The argument and demonization culminated in the evangelical connection to President Donald Trump, a man who is more an example of the Seven Deadly Sins than the Sermon on the Mount.
However, the American tide may be turning away from the evangelical shoreline, which is disconcerting to those who sold their souls to Trump. Their desperation is shown in their hateful rhetoric against a man cloaked in his Christian faith like James Talarico.
The political Christian Left has put forward a few politicians of late, but the evangelical movement felt confident they could defeat them because many of these candidates came from the Black Church. The evangelical movement never truly respected the Black Church.
In Talarico, the Christian Left has someone who could gain significant political power, and he is white, which evangelical leadership considers a problem. That’s why he’s a threat.
American Christians face a choice: Shall the faithful continue with a theology that vilifies all those who are not wealthy, heterosexual white men or should the faithful follow those fighting for the foreigner, the poor, the sick, the unwanted and the rejected?
The evangelical movement got it backward. They attack all those outside their walls and praise all those within the church walls.
There is a biblical metaphor where the sword is a “sword of the Spirit,” used to counter religious falsehood. This falsehood has been represented by the evangelical movement for the last 50 years.
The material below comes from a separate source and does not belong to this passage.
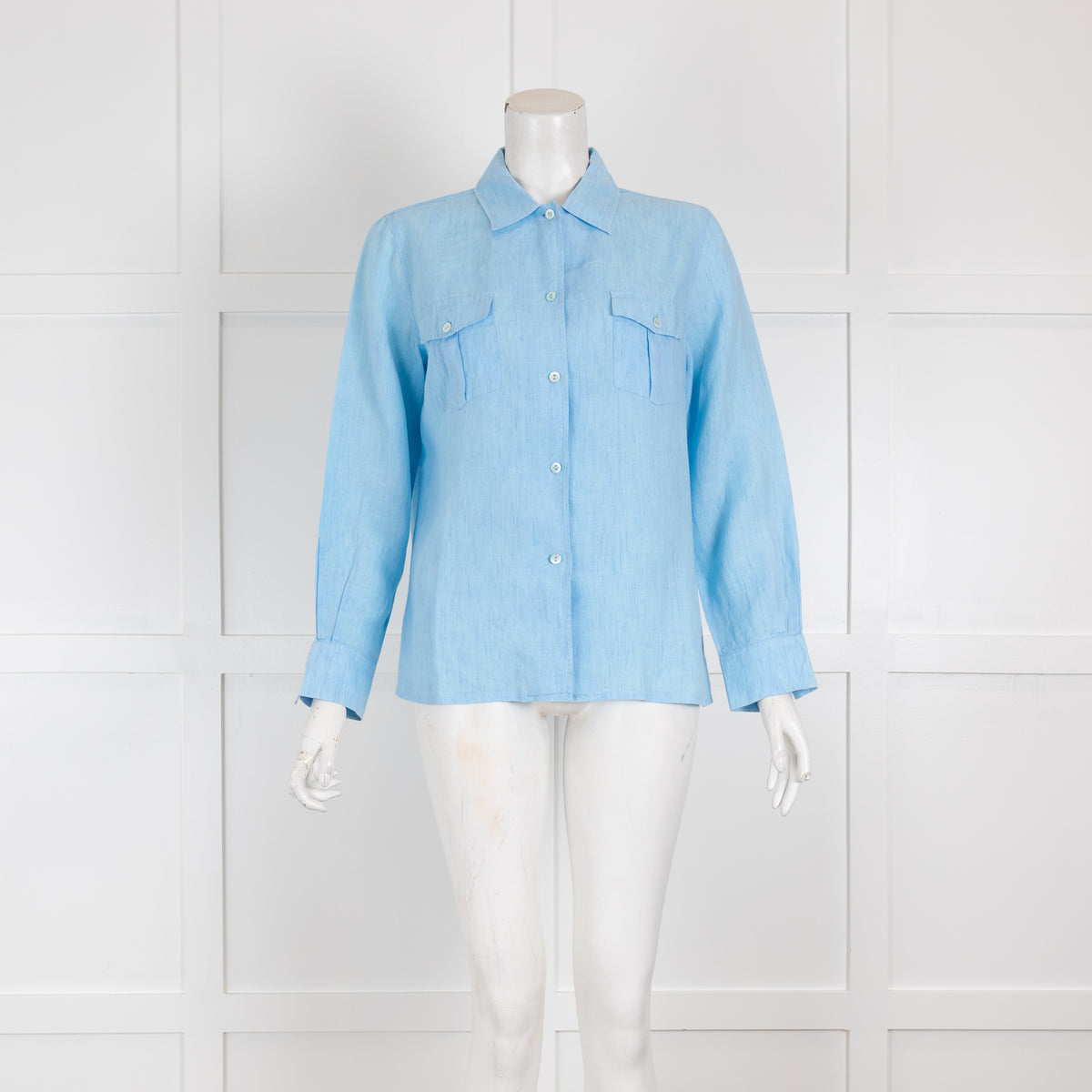 Loro Piana Light Blue Linen Long Sleeved Blouse with Pockets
Another biblical weapon is a shield, or the “shield of faith,” as a protector against the evils of oppression and the sinful nature of the world.
Now is the right time to choose the side that protects the oppressed and condemns the righteous.
Nathaniel Manderson lives in Danvers, Mass. He was educated at a conservative seminary, trained as a minister, ordained through the American Baptist Churches USA and guided by liberal ideals. He has been a pastor, a career counselor, an academic adviser, a high school teacher and an advocate for first-generation and low-income students, along with being a paper delivery man, a construction worker, a FedEx package handler, Amazon driver and hospice chaplain.